_Dataset excerpt_.
····················

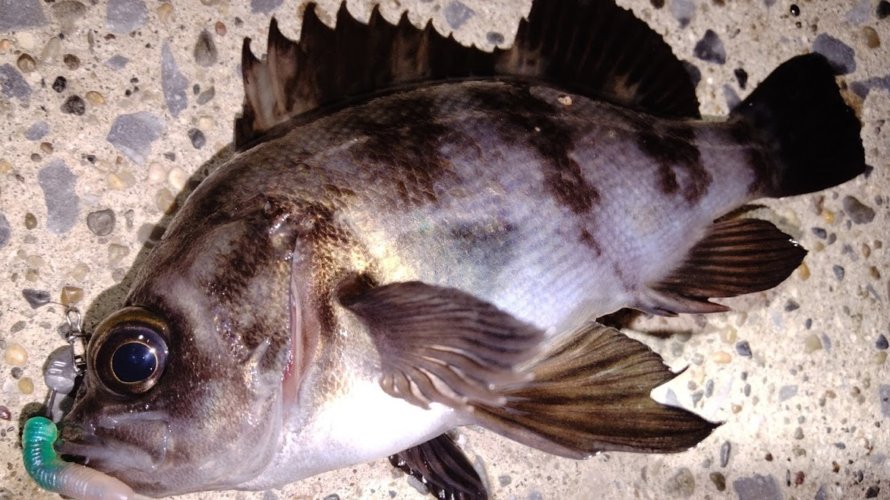 横浜、メバリングにてプラグではなく、ワームで釣れる理由は？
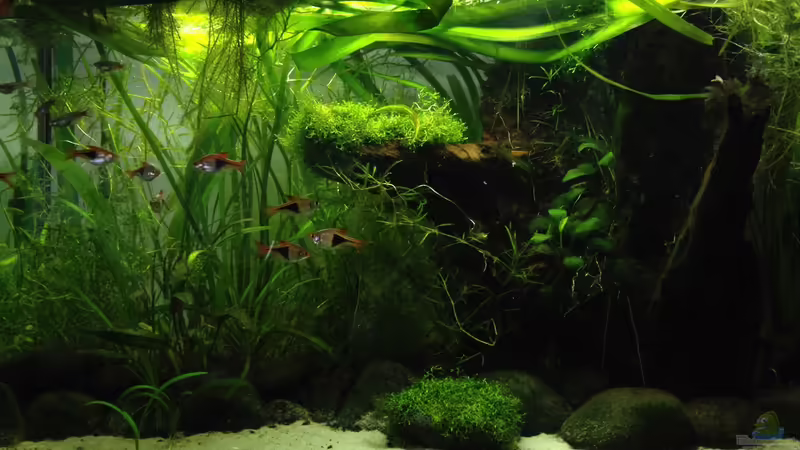 Ein Bachlauf-Aquarium einrichten (Einrichtungsbeispiele für Bachlauf-Aquarien) Ein Bachlauf-Aquarium einrichten (Einrichtungsbeispiele für Bachlauf-Aquarien)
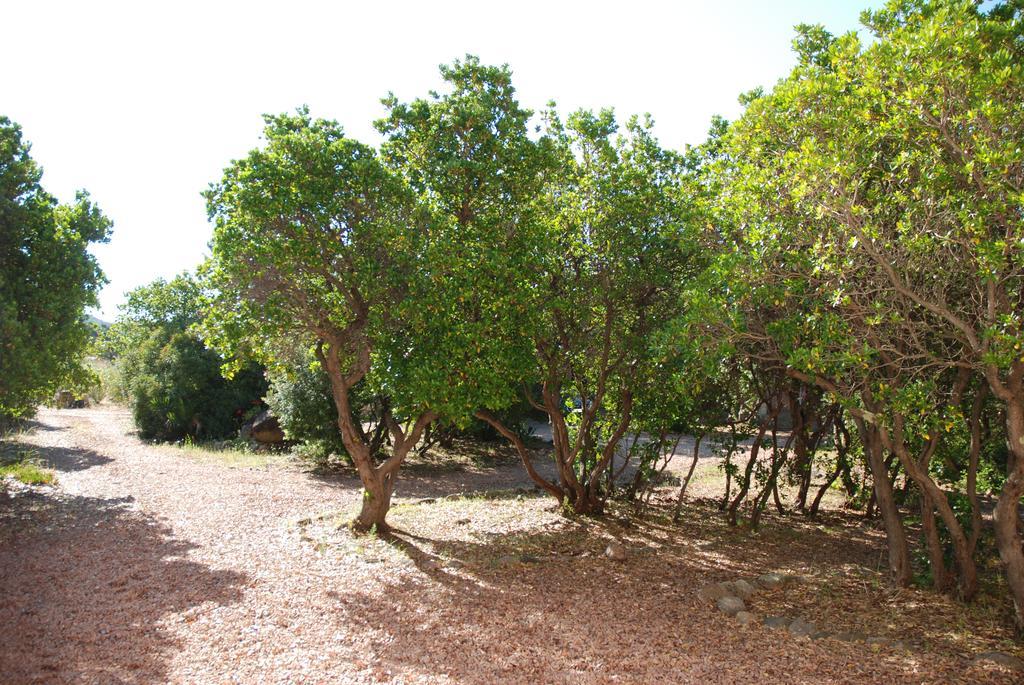 Residence Riviera Porto-Vecchio  Luaran gambar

····················

_Your instructions_.
Full transcription of the material, exact in every line, without images.

_Exercise solution_.
 横浜、メバリングにてプラグではなく、ワームで釣れる理由は？
 Ein Bachlauf-Aquarium einrichten (Einrichtungsbeispiele für Bachlauf-Aquarien) Ein Bachlauf-Aquarium einrichten (Einrichtungsbeispiele für Bachlauf-Aquarien)
 Residence Riviera Porto-Vecchio  Luaran gambar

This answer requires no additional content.